When asked to select wines for her sister’s store, Jessica knew she had to be “very choosy” because they wanted to start with only about a dozen wines in the retail area, priced between $15 and $30.
In addition, there are five wines sold by the glass on the café’s beverage list — all $8 a glass — along with a dozen bottled beers.
“I teach classes on how to judge quality in wines,” she said. “So my goal here is to find the best quality at the best price point.”
The choices reflect the food-friendly wines she and her sister prefer.
Jessica describes the wines, which are from around the world, as having good acidity and an elegance that goes beyond simple fruit taste.
“I guess you can say these wines are more austere, made more in the Old World style,” she explained. “And there are plenty of New World producers making this style of wine, too.”
So, for example, she’s apt to recommend the more restrained wines from Oregon or Washington over California’s big-bodied, high-alcohol wines.
Bell sticks to simplicity with food pairings
For Milwaukee-based wine guru Jessica Bell, pairing wine and food is part of the fun. “It’s a puzzle I love to solve.”
Her basic strategy is to consider three things: sweetness, acid and body.
That’s sweetness, acid and body in both the wine and the food.
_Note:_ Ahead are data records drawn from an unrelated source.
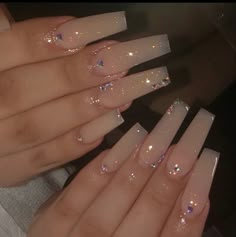 Hot Nail Designs, Long Acrylic Nail Designs, Purple Nail, Acrylic Nails Coffin Pink, Blue Nail, Long Square Acrylic Nails, Bling Acrylic Nails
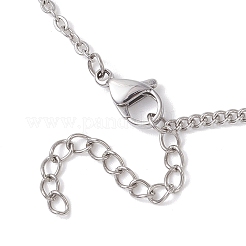 Collar de cadena de eslabones de acero inoxidable 304 de 2 mm para mujer&nbsp;NJEW-JN05560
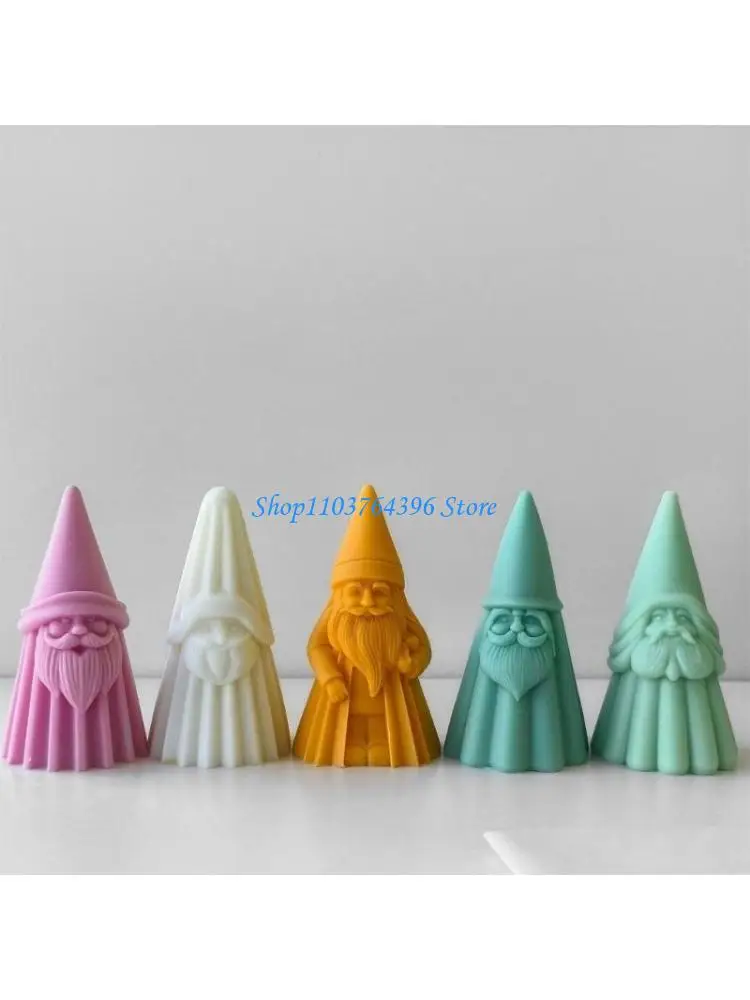 

Креативная силиконовая форма для свечей Санта-Клауса с деталями, силиконовая форма в форме Санта-Клауса для создания свечей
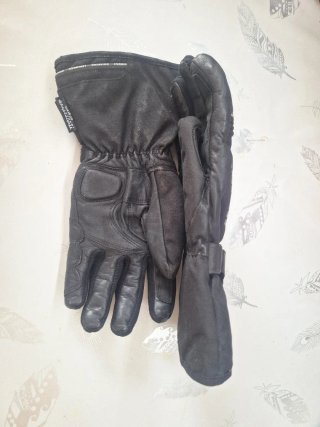 Guantes Moto LEVIOR Gore-Tex Negros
And the idea is to match them up.
It doesn’t have to be complicated, and it’s not an exact science.
In her sister Karen Bell’s recipe for Red Pepper Miso and Sesame Glazed Spare Ribs, for instance, there’s “some sweetness in the glaze,” so that is echoed in the touch of sweetness in the New Zealand Riesling that Jessica chose.
The orange juice and zest in the recipe is a tip-off to look for a wine with good acidity — and that’s a characteristic that top-quality Riesling is known for, according to Jessica.
Pork is one of those meats that can go with either red or white wine. And in this instance, a white with some heft — more body than, say, a Pinot Grigio — matches well with the ribs.
Jessica emphasizes that the method of preparation in a recipe and the secondary ingredients are often more important than the main ingredient.
Looking at the “facts” of the food you’re considering “helps to reduce the chance of a disaster,” she said. “I could think of some really bad match-ups with those ribs. A big, heavy Barolo would be horrible — it’s too tannic for those ribs.”
Of course, there are some always-happy marriages when it comes to wine and meat.
Jessica loves simply prepared lamb with Rioja, a Spanish red made from Tempranillo grape. And with steak, Cabernet is a great pairing. For game, she’ll reach for a richly flavored Syrah-based wine.
“Why mess with something that works?” she said.